29.1.09

2. Porte-Folio

Je n'ai pas titré mes photos. Mais j'aurais peut-être du.

Je me sentais assez post-moderne (déformation universitaire) et l'ajout d'un titre à mes photos allait suggérer une suite dans mes idées. Or, j'ai pensé: à mort la linéarité et les conclusions fallacieuses qu'on puisse en tirer! Mon idée était plutôt qu'il y ait un contraste entre les différentes photographies. Qu'on les isole les unes des autres pour les considérer hors de tout ensemble. Comme si on regardait une pièce de casse-tête sans se soucier de l'image dont elle provient.

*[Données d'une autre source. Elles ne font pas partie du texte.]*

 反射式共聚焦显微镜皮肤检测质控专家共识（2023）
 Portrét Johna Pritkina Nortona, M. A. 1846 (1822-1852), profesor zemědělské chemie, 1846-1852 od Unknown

Il me fallait effacer le temps et l'espace. Évoquer l'hiver sans les saisons. Avoir les deux pieds dans les sables mouvants du présent et se dissocier du passé bétonné.
Devenir la Warhol de la photo.

Je n'ai pas titré mes photos. Mais j'aurais peut-être du finalement.

La veille de ma remise, j'ai décidé de les mettre en ordre chronologique et ça a tout bousillé mon projet postmoderne.

Je sais, c'est nul.

Je hais aussi la linéarité parce qu'on y revient toujours. C'est la dictatrice du chaos.

*

Il y a 31 photos dans mon porte-folio, mais le hasard m'impose constamment les mêmes lorsque je l'examine. Allez savoir pourquoi.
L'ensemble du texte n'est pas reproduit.